---------- WORKING DATA

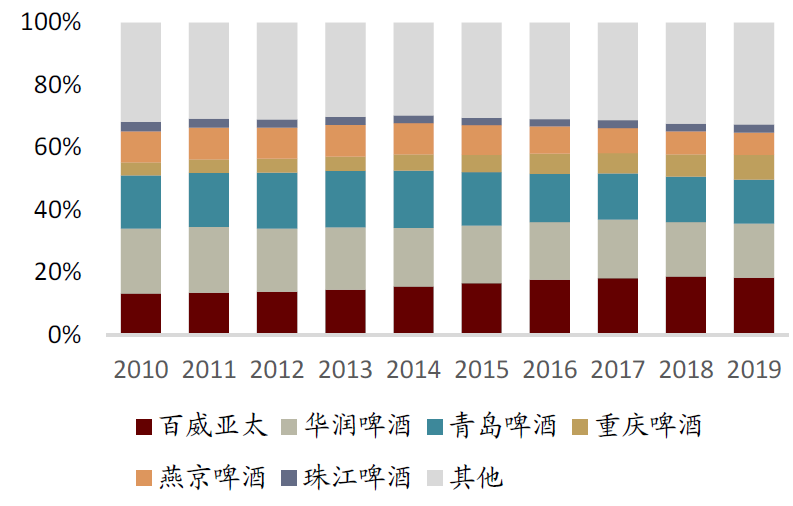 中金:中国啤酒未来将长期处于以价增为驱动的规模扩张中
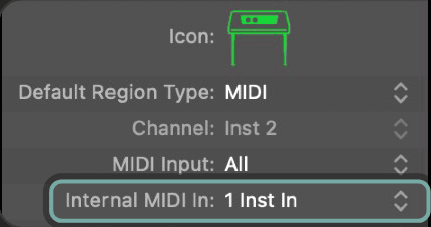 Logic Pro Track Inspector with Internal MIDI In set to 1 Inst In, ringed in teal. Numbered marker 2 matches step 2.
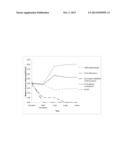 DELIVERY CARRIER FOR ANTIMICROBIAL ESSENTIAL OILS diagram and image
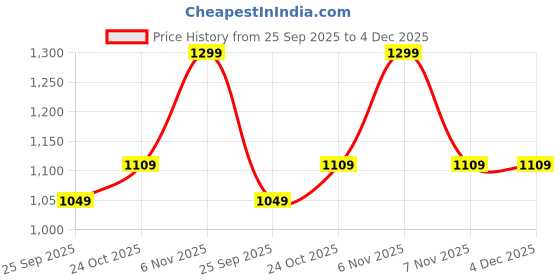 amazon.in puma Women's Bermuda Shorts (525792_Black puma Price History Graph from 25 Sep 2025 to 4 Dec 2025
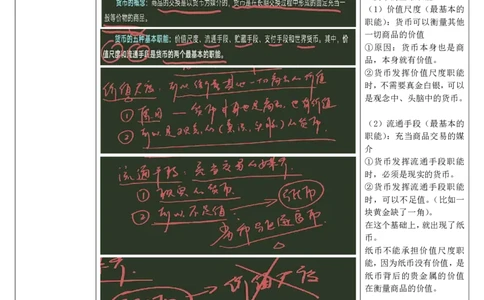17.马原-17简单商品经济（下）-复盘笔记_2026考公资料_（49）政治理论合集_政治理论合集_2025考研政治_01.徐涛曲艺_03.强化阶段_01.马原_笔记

--------------------

**HOW TO COMPLETE THIS TASK**: Apart from the pictures, set down all the entries above exactly.

**OUTPUT OF THE TASK**:
 中金:中国啤酒未来将长期处于以价增为驱动的规模扩张中
 Logic Pro Track Inspector with Internal MIDI In set to 1 Inst In, ringed in teal. Numbered marker 2 matches step 2.
 DELIVERY CARRIER FOR ANTIMICROBIAL ESSENTIAL OILS diagram and image
 amazon.in puma Women's Bermuda Shorts (525792_Black puma Price History Graph from 25 Sep 2025 to 4 Dec 2025
17.马原-17简单商品经济（下）-复盘笔记_2026考公资料_（49）政治理论合集_政治理论合集_2025考研政治_01.徐涛曲艺_03.强化阶段_01.马原_笔记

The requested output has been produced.